Angst vor Dieben im ostdeutschen Grenzgebiet

Diebstahl lohnt sich nicht

Innerhalb des Schengen-Raums gibt es seit 100 Tagen keine Grenzkontrollen mehr. Das beunruhigt den Bund Deutscher Kriminalbeamter. Er warnt vor Kriminellen aus Osteuropa und fürchtet um den Besitz der Menschen im ostdeutschen Grenzgebiet. Doch wo man nichts zum Stehlen findet, gibt es auch keine Diebe.

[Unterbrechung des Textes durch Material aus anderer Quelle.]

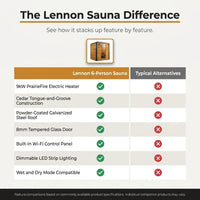 Traditional Wet Dry Sauna Built for Consistent Heat, Cedar Interior, 9kW Heater, WiFi Control, LED Lighting — Comparison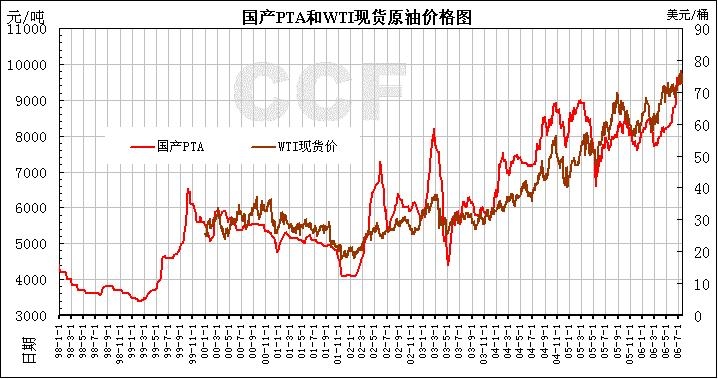 TA與原有現(xiàn)貨WTI.jpg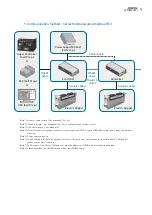 Preview for 12 page of Hiwin XEG Series User Manual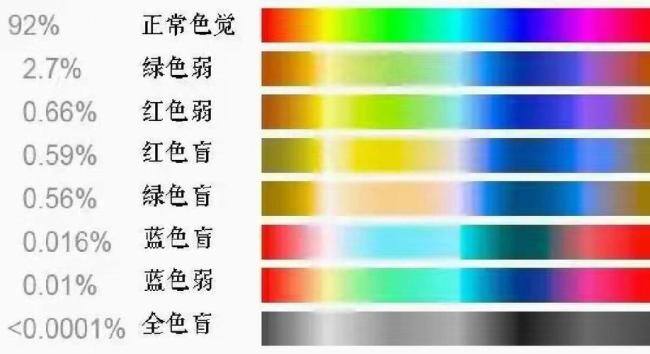 一张体检单,为何成了大学生涯的“终止符”? 色弱引发录取风波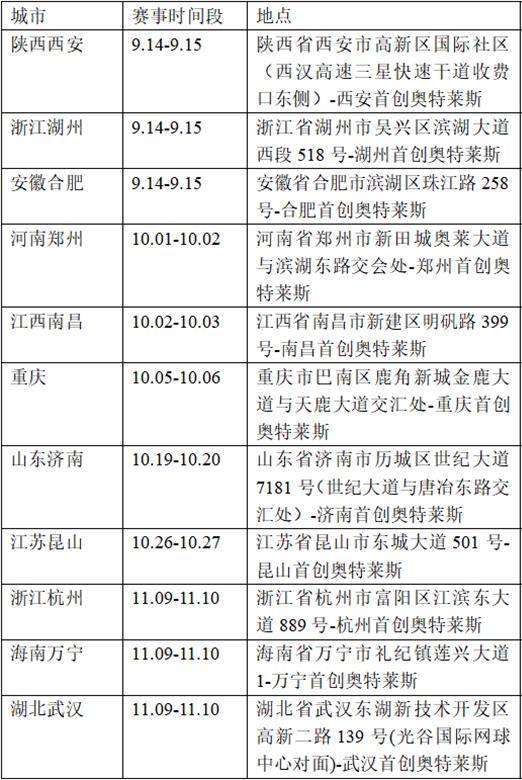 世界十大最好看的模特秀节目2025年十强榜单新鲜出炉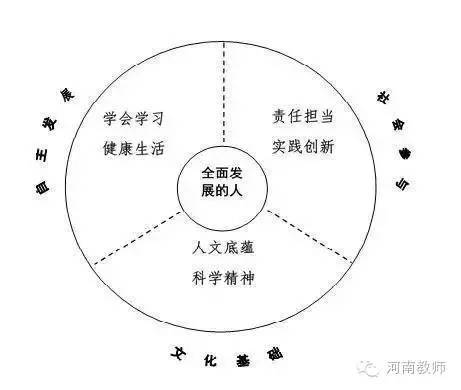 让学生走遍天下的六大核心素养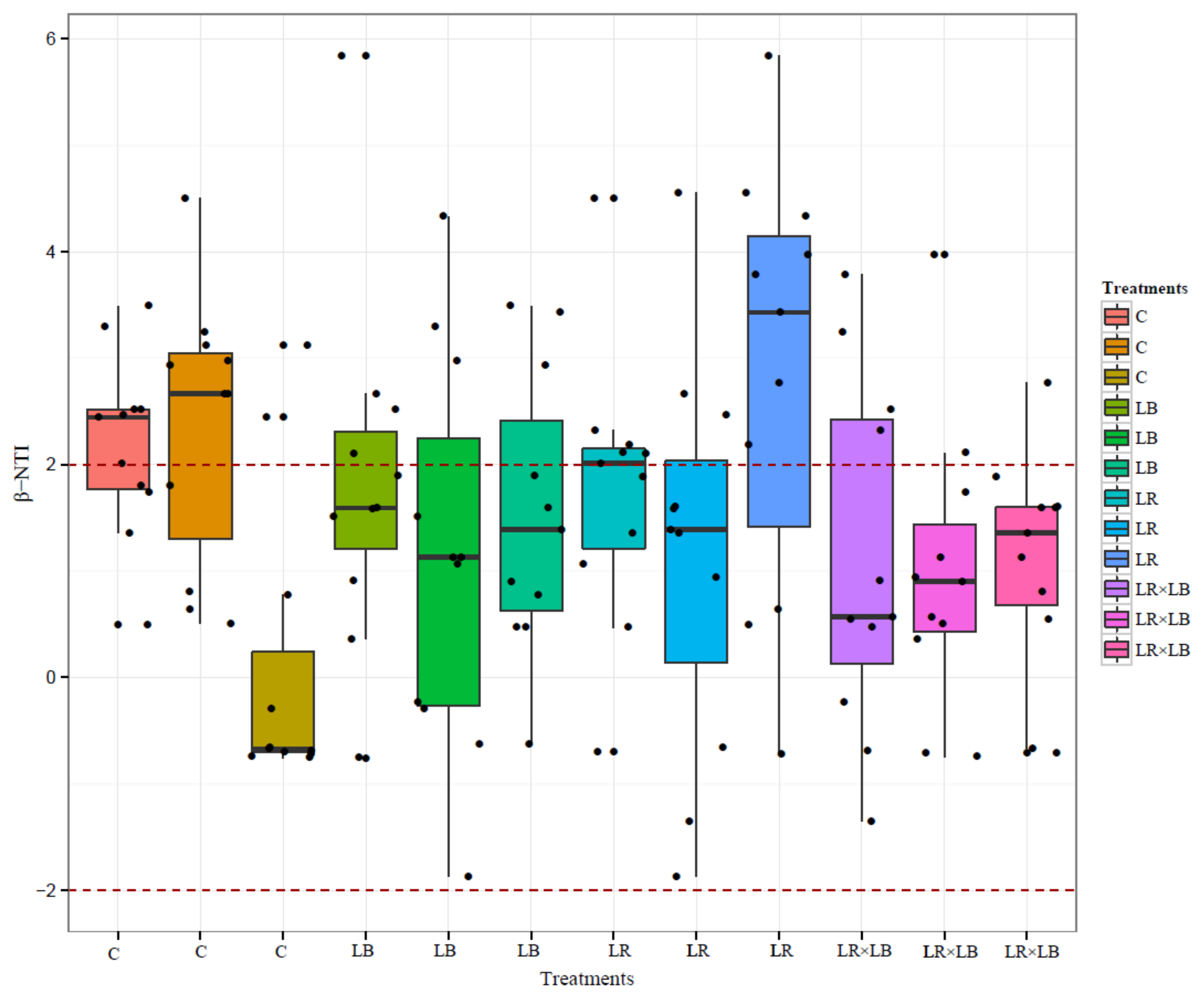 Fermentation 08 00025 g005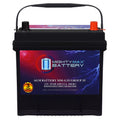 12V 55Ah AGM Replacement Battery H825207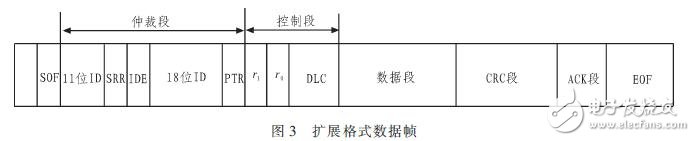  基于CAN總線的電動車控制系統設計方案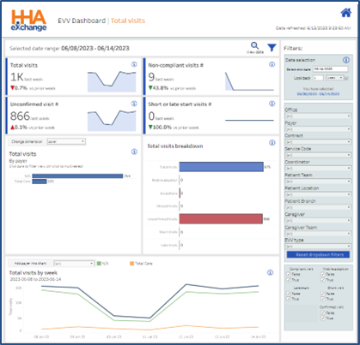 EVV Dashboard - Total Visits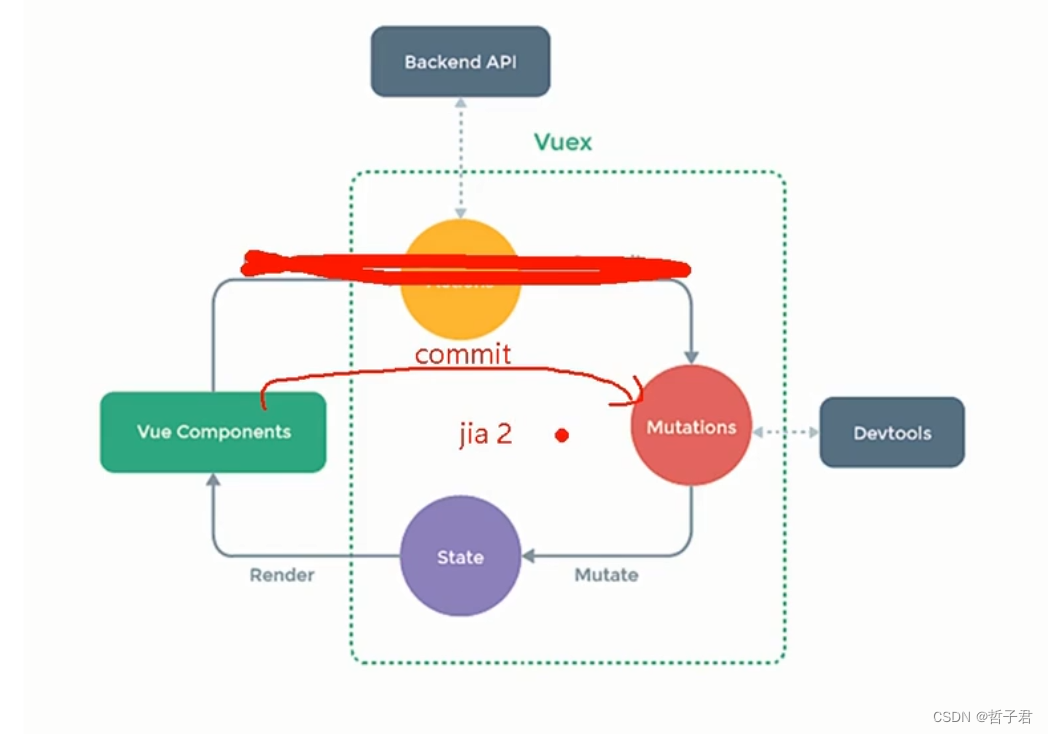 直接commit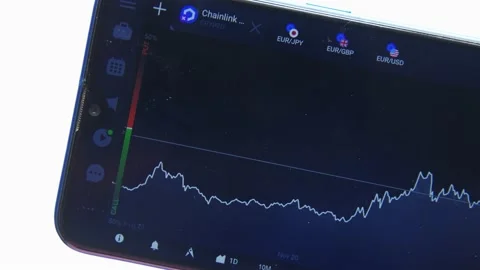 Analyzing stock chart on smart phone at night Stock Footage 162571010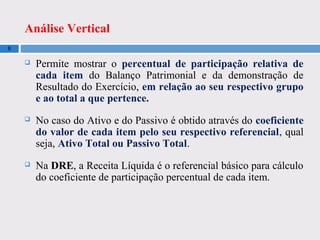 Análise Vertical
6
 Permite mostrar o percentual de participação relativa de
cada item do Balanço Patrimonial e da demonstração de
Resultado do Exercício, em relação ao seu respectivo grupo
e ao total a que pertence.
 No caso do Ativo e do Passivo é obtido através do coeficiente
do valor de cada item pelo seu respectivo referencial, qual
seja, Ativo Total ou Passivo Total.
 Na DRE, a Receita Líquida é o referencial básico para cálculo
do coeficiente de participação percentual de cada item.
 
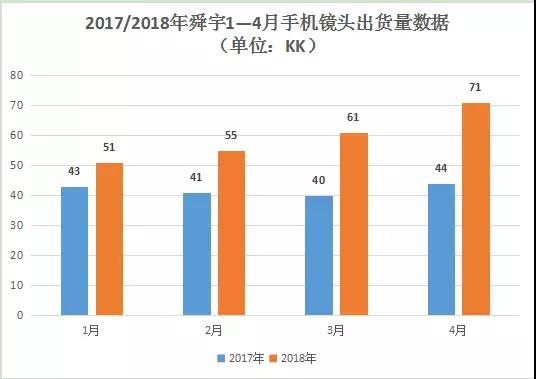 三星、華為訂單釋放 4月舜宇手機鏡頭出貨量增6成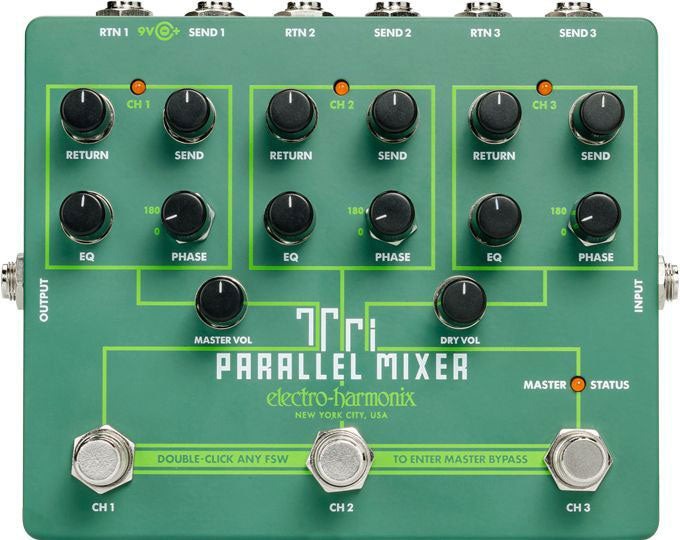 Tri Parallel Mixer
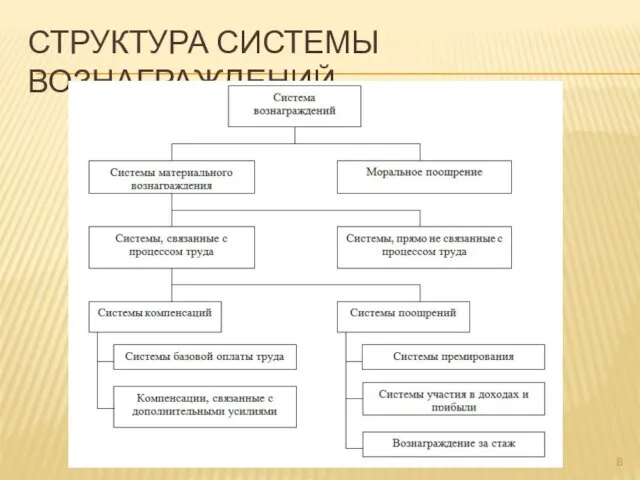 СТРУКТУРА СИСТЕМЫ ВОЗНАГРАЖДЕНИЙ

Die Ost-Erweiterung der EU ist eine schöne Sache. Wem in Anklam, Ueckermünde oder Löcknitz die Reisetasche aus dem Auto geklaut wird, der muss nur rüber nach Polen, um sich bei H&M neu einzukleiden. Dort ist das zwar nicht unbedingt billiger als in jeder westdeutschen Stadt, aber immerhin ist es möglich.
Doch glaubt man der polizeilichen Statistik, so zählt das ostdeutsche Grenzgebiet, was den »Diebstahl von und aus Kraftfahrzeugen« angeht, mit Bayern und Baden-Württemberg ohnehin zu den sichersten Regionen des Landes. Wenn im Osten Autos verschwinden, dann mit ihren Besitzern und zwar meistens nach Westen. Die Menschen, die bleiben, stellen dann die Dinge an, für die Brandenburg, Sachsen und Mecklenburg-Vorpommern bekannt sind: Brandstiftung, Sachbeschädigung, Beleidigung und Straftaten gegen die persönliche Freiheit. Bei diesen Delikten liegen die drei Länder so deutlich über dem Bundesdurchschnitt, dass den Bewohnern wenig Zeit bleiben dürfte, nebenher noch nach Polen zum Shopping zu fahren.
West-Berliner wissen es ganz ohne Statistik: Zwischen dem Kurfürstendamm und der Fußgängerzone von Stettin liegt eine Gegend, die abgesehen von Baumärkten, Schuhdiscountern und Imbissbuden nicht nur von den üblichen Dependancen der Marktwirtschaft unberührt blieb, sondern von jener besonderen Art der Gesetzlosigkeit regiert wird, die entsteht, wenn die Grenzen zwischen normtreuer und krimineller Bevölkerung schwinden. Weil sich Ausflüge ins Brandenburgische häufig rächen, braust man lieber mit geschlossenen Fenstern und verriegelten Türen durch die märkischen Ortschaften.
Umso erstaunlicher ist daher, dass sich der Bund Deutscher Kriminalbeamter (BDK) anlässlich des Wegfalls der Passkontrollen im Schengen-Raum vor 100 Tagen und dem Inkrafttreten der Regelung auch an den innereuropäischen Flughäfen in der vergangenen Woche nun über die vermeintlich zunehmende Betriebsamkeit osteuropäischer Krimineller in Ostdeutschland beschwert. Vor »Einbruch, Diebstahl, Fahrraddiebstahl« warnt Klaus Jansen, der Vorsitzende des BDK. »Alles, was so einen hohen individuellen Wert hat, was vielleicht auch relativ einfach wegzunehmen ist«, sieht er zunehmend in Gefahr.
Genaueres kann er nicht sagen, weil keine Zahlen vorliegen. Die Kriminalstatistik für 2008 erscheint erst Mitte 2009. Bis dahin darf gemutmaßt werden, beispielsweise über die »Wanderbewegungen aus polnischen Asylantenheimen« in westliche Sozialsysteme. »Das ist ja so weit nicht kriminell«, räumt Jansen ein. Aber eben »beunruhigend«.
Wenigstens da kann ihm geholfen werden. Wenn schon nicht im ostdeutschen Grenzgebiet, so ist im westlichen Polen der wirtschaftliche Aufschwung deutlich zu erkennen. Der gut beratene Flüchtling bleibt nicht nur deshalb ohnehin lieber in Westpolen. Hinsichtlich der Aktivitäten polnischer Krimineller diesseits der Grenze ist fraglich, was es in Brieskow-Finkenherd oder Eisenhüttenstadt gibt, das sich zu klauen lohnte. Die Abwanderung in westliche Sozialsysteme erledigen die deutschen Bewohner des Grenzgebietes ohnedies bereits seit Jahren selbst.